The driver, arrested by the Gunma prefectural police, said he was asleep at the wheel. There was no evidence that he had applied the brake. The bus’s speedometer reportedly indicated 92 kph after becoming inoperative. It is suspected that the driver was hired on a day-to-day basis in violation of the road transport law.
Following deregulation in 2000, firms engaged in the chartered bus business do not need to get licenses. In 2010, more than 6 million people used chartered tour buses on expressways.
Bus firms are tempted to force tough working conditions on drivers to cut costs. The one-way fare from Kanazawa to TDR for the bus involved in the accident was ¥3,500 — about half the fare of a bus running on a regular basis. One way of cutting costs is to eliminate a codriver. In some cases, drivers are forced to repeat long-distance drives for more than a week. A 2009 survey of chartered bus drivers by the internal affairs ministry showed that about 90 percent had experienced drowsiness while driving.
The transport ministry allows a driver to drive up to 670 km a day — the distance between Tokyo and Okayama.

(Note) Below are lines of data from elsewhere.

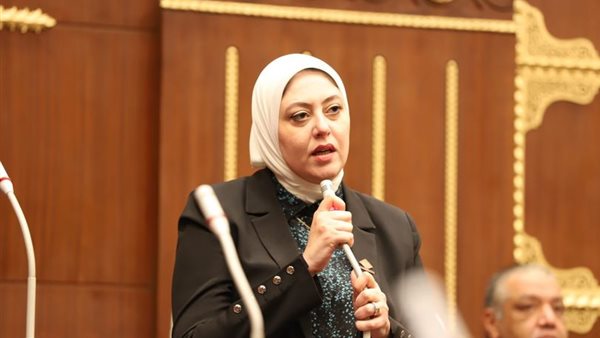 النائبة نهى زكي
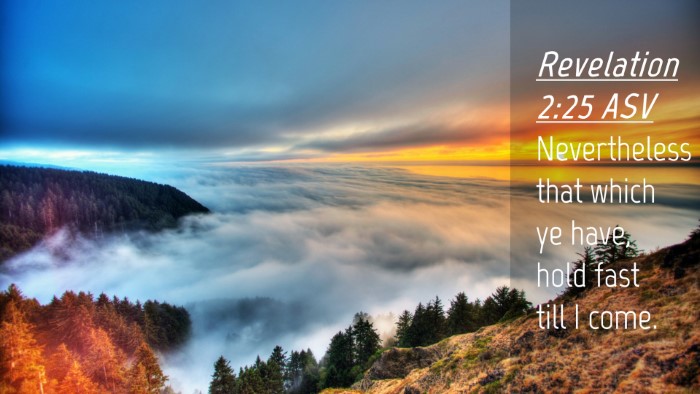 Picture 04 - Revelation 2:25 ASV Desktop Wallpaper - Nevertheless that which ye have, hold fast till I - Desktop Bible Verse Wallpaper
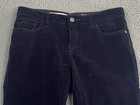 Anthropologie Pilcro Corduroy Mid-Rise Straight Jeans Navy Size 29 Excellent — photo 3
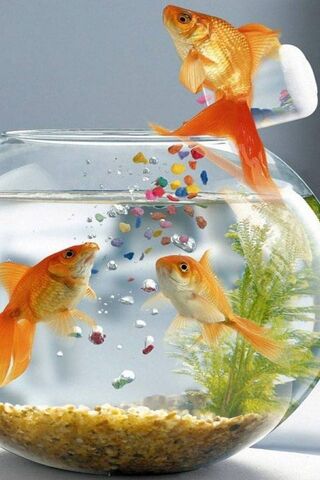 Bubbles of Joy: A Goldf..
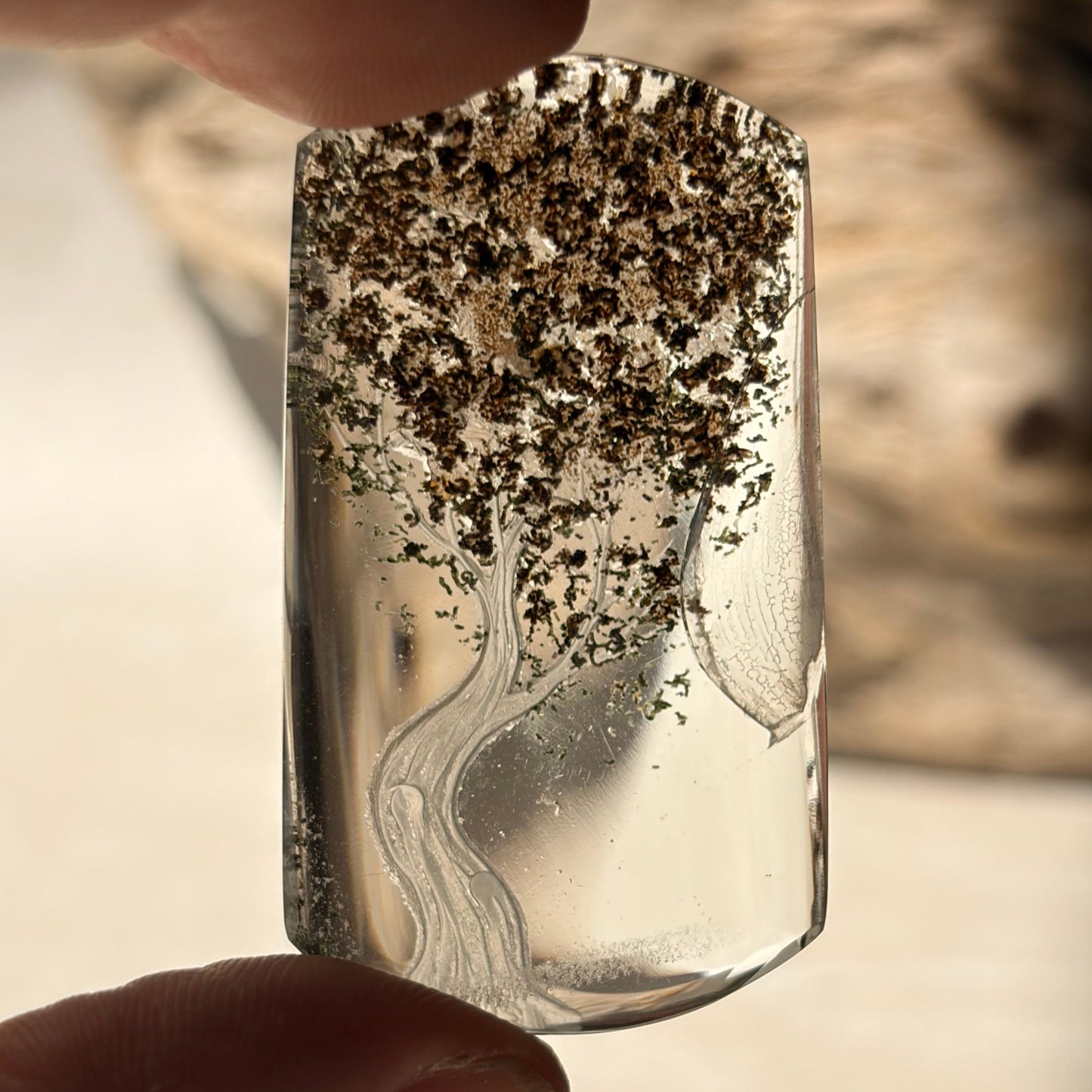 Etched Garden Quartz Specimen - Tree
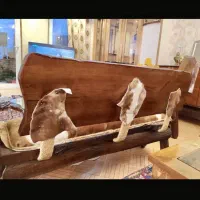 نیم ست جنگلی|مبلمان خانگی و میز عسلی|اصفهان, باغ زرشک|دیوار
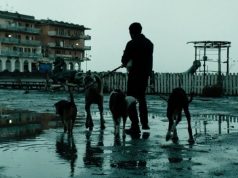 dogman Matteo Garrone Oscar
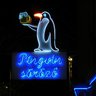 penguin profil fotoğrafı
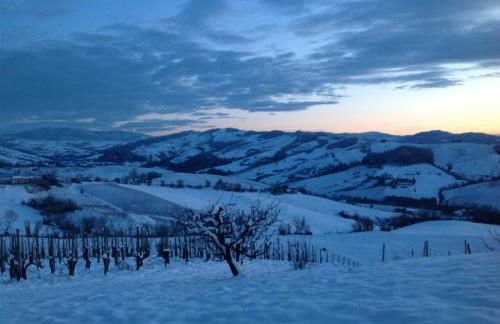 Agriturismo Cella di Montalto Pavese - Photo 38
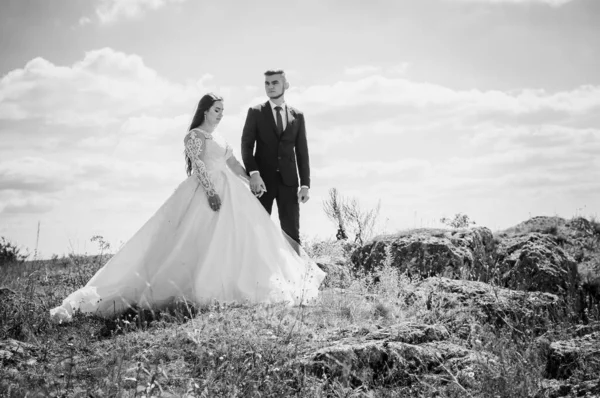 Recién casados abrazan en el fondo de las rocas y un hermoso paisaje —  Fotos de Stock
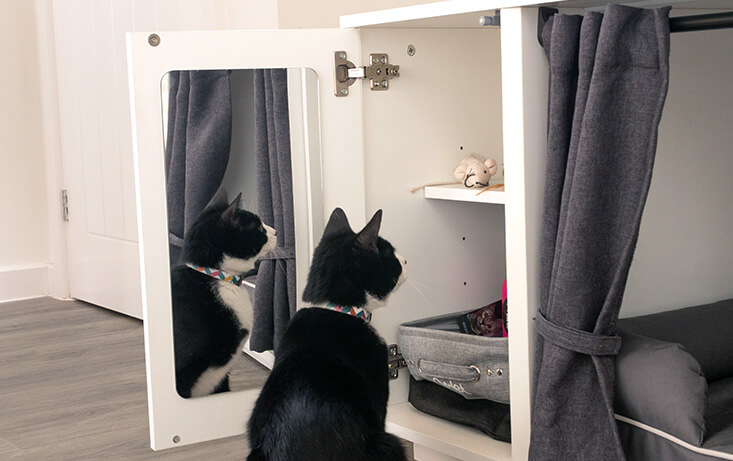 Cat wardrobe best sale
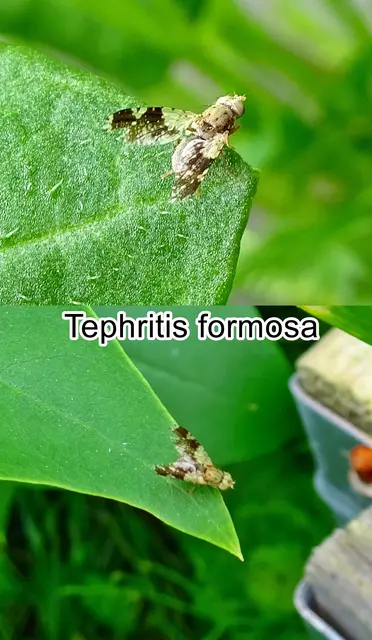 (ohne dt. Namen) Tephritis formosa  Friedrich Hermann Loew  1844
Ordnung:	Zweiflügler (Diptera)
Unterordnung:	Fliegen (Brachycera)
Familie: Frucht-Bohrfliegen (Tephritidae)
Gattung:	Tephritis
Art:	Tephritis formosa | Foto: GvMeegen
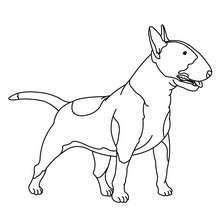 Dibujo para pintar Bull Terrier - Dibujos para Colorear y Pintar - Dibujos para colorear ANIMALES - Dibujos PERROS para colorear - Dibujos para colorear e imprimir PERROS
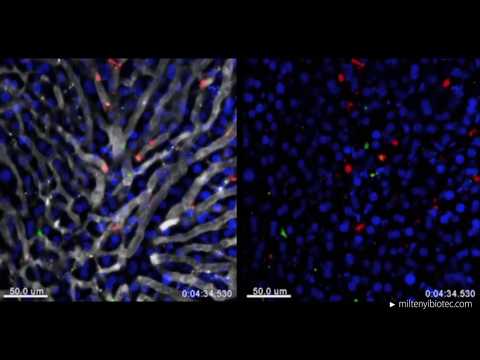 Video: Die NKG2D-Signalisierung Zertifiziert Effektor-CD8-T-Zellen Für Die Speicherbildung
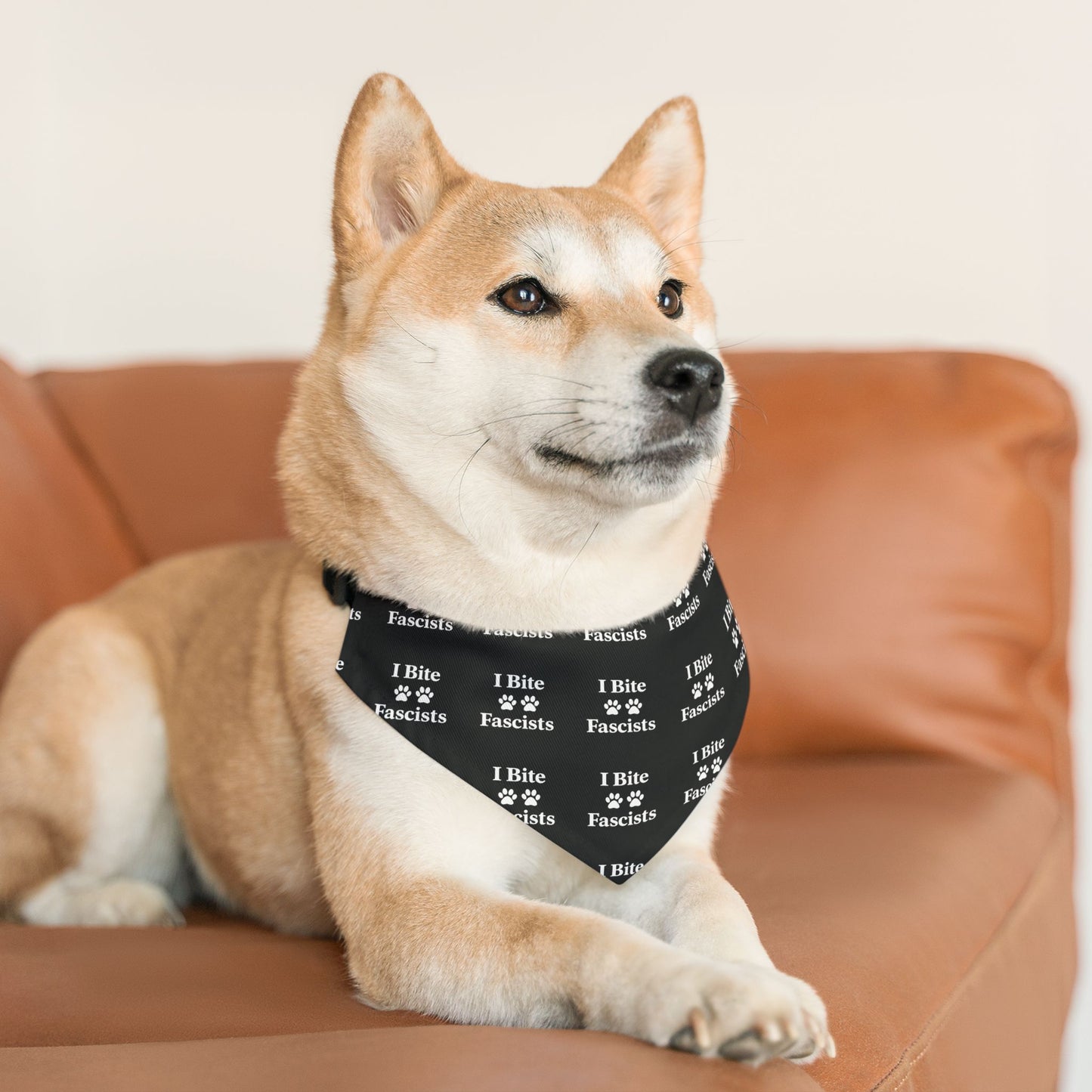 I Bite Fascists Black Dog Bandana and Collar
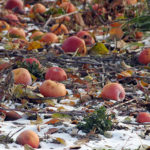 Reducing attractants cuts unwanted interaction with wildlife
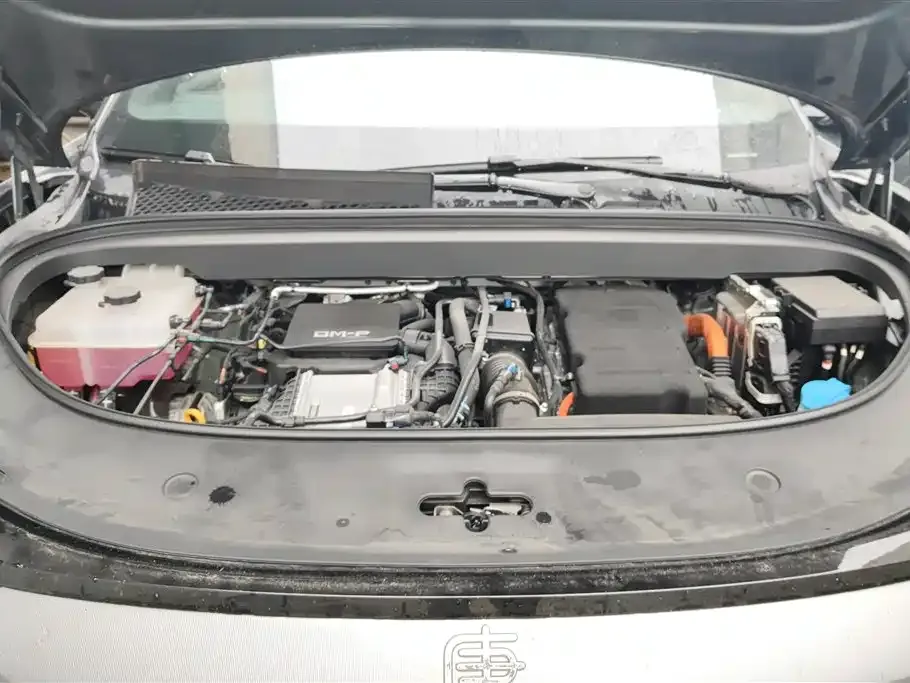 BYD Tang L 2025 из CN, фото 10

It should consider shortening this distance. (The distance between Kanazawa and TDR is about 540 km.) Firms organizing tours using chartered buses on expressways are not subject to the road transport law.
There is a view that a gap between the soundproofing wall and a guardrail in front of it, and the position of the wall (which was set up further inside the expressway than the guardrail) contributed to the severity of the accident. The government should immediately check the situations on all expressways.